The abstract of this patent application describes a system with a processor that can handle non-homomorphic encryption (HE) friendly analytics models containing non-polynomial elements. The processor is designed to train a substitution model by replacing the non-polynomial element with a sub-network featuring a polynomial replacement element.

  • Simplified Explanation:

This system involves a processor that can work with encryption-friendly analytics models by replacing non-polynomial elements with polynomial elements.

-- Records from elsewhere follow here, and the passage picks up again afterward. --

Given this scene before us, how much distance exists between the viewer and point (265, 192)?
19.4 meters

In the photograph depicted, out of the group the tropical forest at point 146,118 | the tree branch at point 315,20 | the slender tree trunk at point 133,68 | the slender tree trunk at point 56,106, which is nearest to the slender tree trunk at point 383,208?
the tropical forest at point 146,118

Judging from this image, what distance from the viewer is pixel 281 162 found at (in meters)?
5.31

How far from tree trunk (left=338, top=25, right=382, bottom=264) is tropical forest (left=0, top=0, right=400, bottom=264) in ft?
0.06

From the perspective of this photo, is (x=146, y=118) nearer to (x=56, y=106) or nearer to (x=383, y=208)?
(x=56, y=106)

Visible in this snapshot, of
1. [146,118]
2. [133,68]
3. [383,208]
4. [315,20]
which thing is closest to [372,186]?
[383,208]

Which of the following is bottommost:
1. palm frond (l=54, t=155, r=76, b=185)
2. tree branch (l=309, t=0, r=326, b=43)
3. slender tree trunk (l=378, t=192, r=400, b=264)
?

  • Key Features and Innovation:

- Processor capable of handling non-homomorphic encryption-friendly analytics models. - Training a substitution model to replace non-polynomial elements with polynomial elements.

  • Potential Applications:

- Secure data analytics - Encrypted machine learning models - Privacy-preserving data processing

  • Problems Solved:

- Enhancing the security of analytics models - Enabling secure data processing with encryption

  • Benefits:

- Improved data privacy - Enhanced security for sensitive information - Efficient data processing with encryption

  • Commercial Applications:

"Secure Data Analytics: Enhancing Privacy and Security in Modern Data Processing"

  • Prior Art:

Readers can explore prior research on non-homomorphic encryption and secure data processing techniques.

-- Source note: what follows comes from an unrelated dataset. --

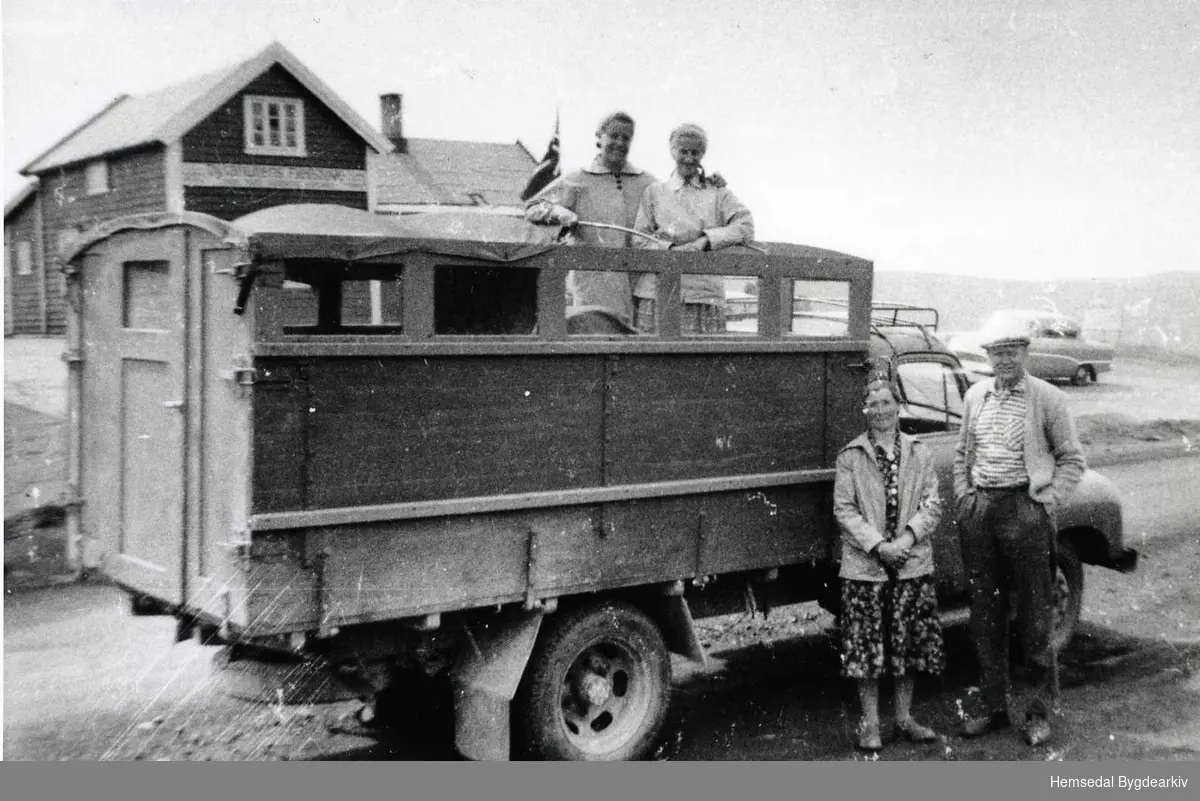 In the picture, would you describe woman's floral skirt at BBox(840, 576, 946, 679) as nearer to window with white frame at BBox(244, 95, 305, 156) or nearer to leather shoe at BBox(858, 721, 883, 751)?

  • Frequently Updated Research:

Stay updated on advancements in encryption-friendly analytics models and secure data processing techniques.

Questions about the technology: 1. How does the processor handle non-polynomial elements in encryption-friendly analytics models? 2. What are the potential implications of using polynomial replacement elements in secure data processing?


Original Abstract Submitted

an example system includes a processor to receive a non-homomorphic encryption (he)-friendly analytics model including a non-polynomial element. the processor is to train a substitution model in which the non-polynomial element of the non-homomorphic encryption (he)-friendly analytics model is replaced with a sub-network including a polynomial replacement element.